Extracted information>
<<<<

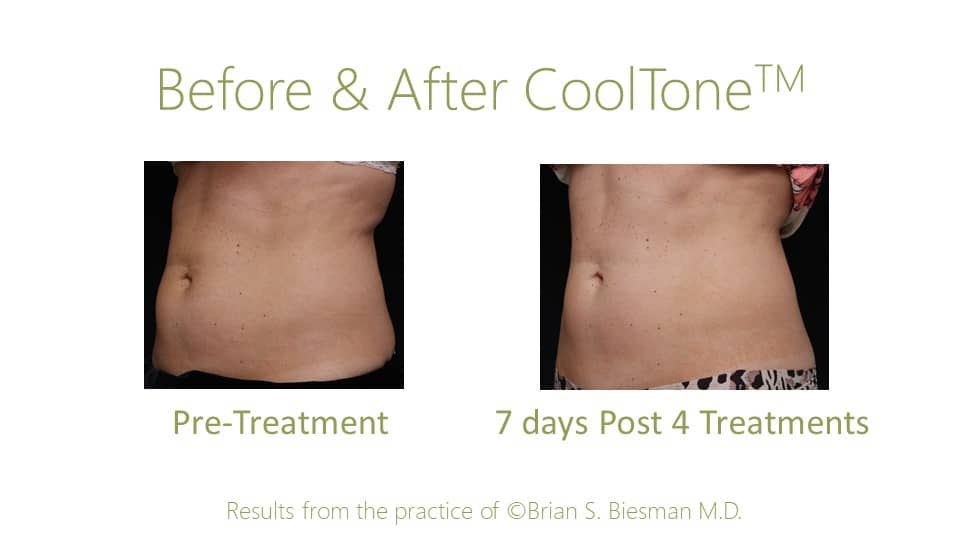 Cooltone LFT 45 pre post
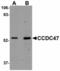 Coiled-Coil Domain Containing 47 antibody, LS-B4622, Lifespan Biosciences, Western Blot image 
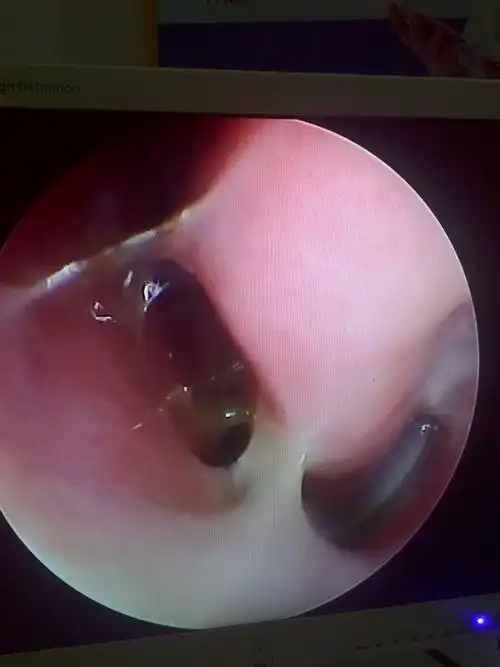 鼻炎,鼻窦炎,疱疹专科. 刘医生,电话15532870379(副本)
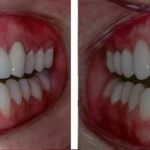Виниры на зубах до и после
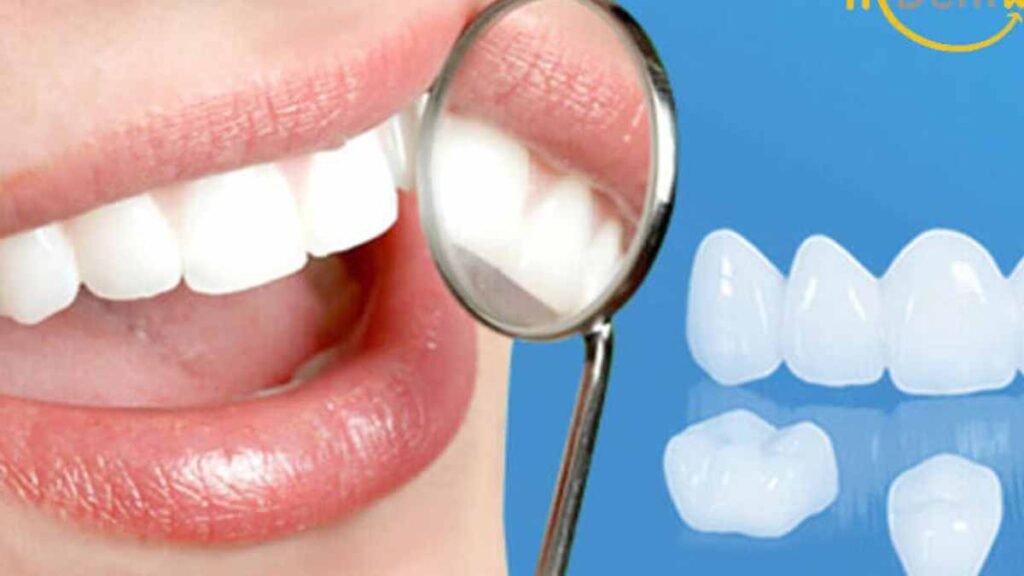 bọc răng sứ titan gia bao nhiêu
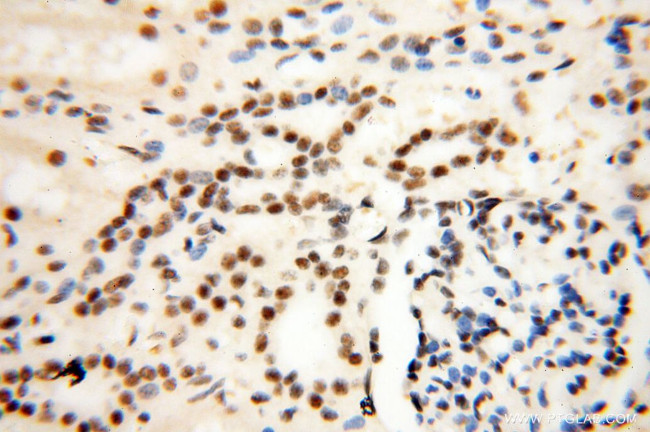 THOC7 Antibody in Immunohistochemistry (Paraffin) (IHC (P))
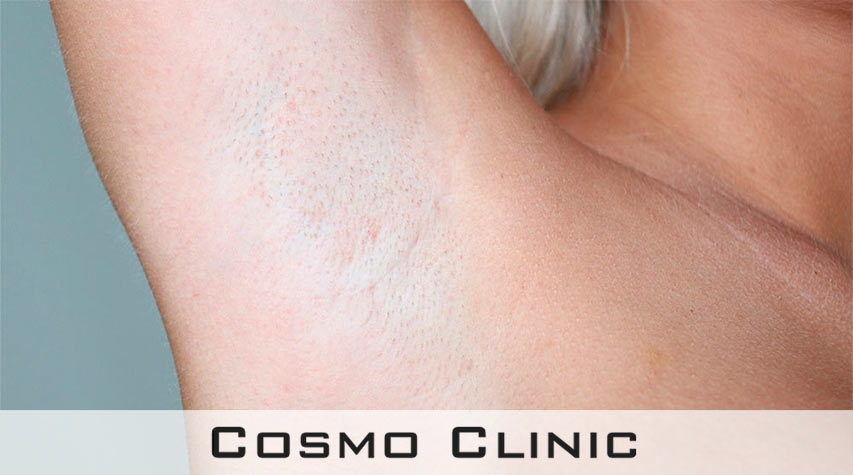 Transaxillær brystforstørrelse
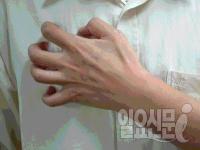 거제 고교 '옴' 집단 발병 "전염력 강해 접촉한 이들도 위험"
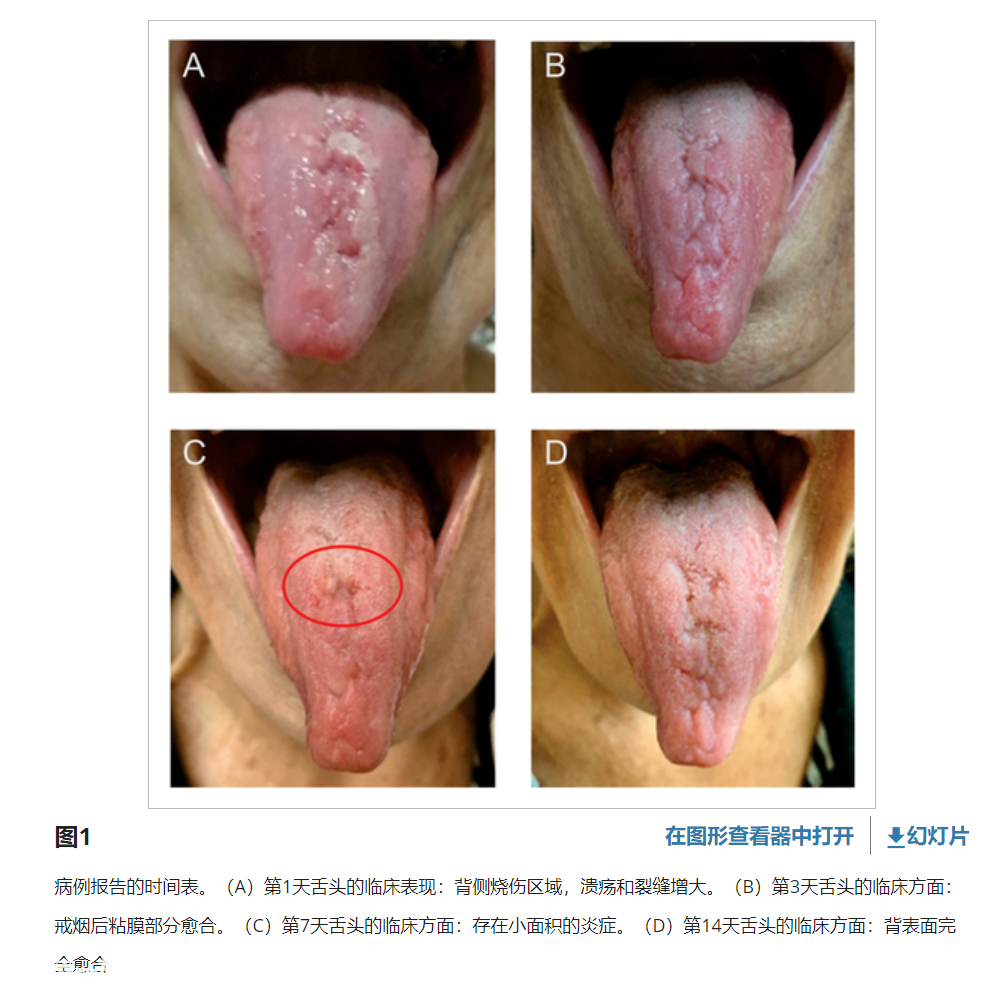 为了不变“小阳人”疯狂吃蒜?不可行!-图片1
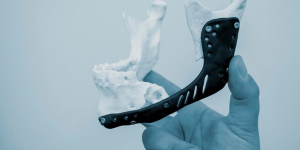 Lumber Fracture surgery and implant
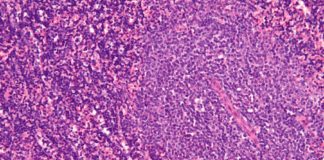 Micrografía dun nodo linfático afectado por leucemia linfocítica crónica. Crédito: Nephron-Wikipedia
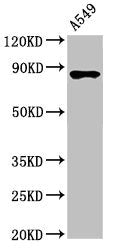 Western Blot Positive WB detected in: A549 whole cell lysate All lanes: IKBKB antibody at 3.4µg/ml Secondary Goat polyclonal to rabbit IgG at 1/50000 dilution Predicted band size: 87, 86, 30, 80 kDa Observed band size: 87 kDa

>>>>
<<<<

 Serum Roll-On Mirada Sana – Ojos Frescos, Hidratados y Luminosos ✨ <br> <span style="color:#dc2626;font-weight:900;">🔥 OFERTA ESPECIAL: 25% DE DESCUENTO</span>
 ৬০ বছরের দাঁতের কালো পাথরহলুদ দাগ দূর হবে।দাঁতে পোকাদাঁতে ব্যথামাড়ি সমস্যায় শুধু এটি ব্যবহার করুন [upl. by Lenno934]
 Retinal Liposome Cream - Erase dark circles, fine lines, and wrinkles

>>>>
<<<<

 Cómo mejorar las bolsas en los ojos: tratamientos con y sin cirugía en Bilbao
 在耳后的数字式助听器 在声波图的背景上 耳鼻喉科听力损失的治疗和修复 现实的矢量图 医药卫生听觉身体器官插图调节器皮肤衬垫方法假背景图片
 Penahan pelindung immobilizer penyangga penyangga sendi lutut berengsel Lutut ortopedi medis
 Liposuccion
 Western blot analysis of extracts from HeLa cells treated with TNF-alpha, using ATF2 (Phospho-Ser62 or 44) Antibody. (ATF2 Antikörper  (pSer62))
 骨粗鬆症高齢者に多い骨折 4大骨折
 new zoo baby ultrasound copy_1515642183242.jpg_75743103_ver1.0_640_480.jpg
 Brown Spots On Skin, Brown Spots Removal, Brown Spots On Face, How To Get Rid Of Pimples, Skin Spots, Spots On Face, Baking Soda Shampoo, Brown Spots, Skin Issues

>>>>

Action item> Go down the entries above from the line containing "Cooltone LFT 45 pre post" to the line containing "Micrografía dun nodo" and write out each line exactly, leaving pictures out.

Answer space>
 Cooltone LFT 45 pre post
 Coiled-Coil Domain Containing 47 antibody, LS-B4622, Lifespan Biosciences, Western Blot image 
 鼻炎,鼻窦炎,疱疹专科. 刘医生,电话15532870379(副本)
Виниры на зубах до и после
 bọc răng sứ titan gia bao nhiêu
 THOC7 Antibody in Immunohistochemistry (Paraffin) (IHC (P))
 Transaxillær brystforstørrelse
 거제 고교 '옴' 집단 발병 "전염력 강해 접촉한 이들도 위험"
 为了不变“小阳人”疯狂吃蒜?不可行!-图片1
 Lumber Fracture surgery and implant
 Micrografía dun nodo linfático afectado por leucemia linfocítica crónica. Crédito: Nephron-Wikipedia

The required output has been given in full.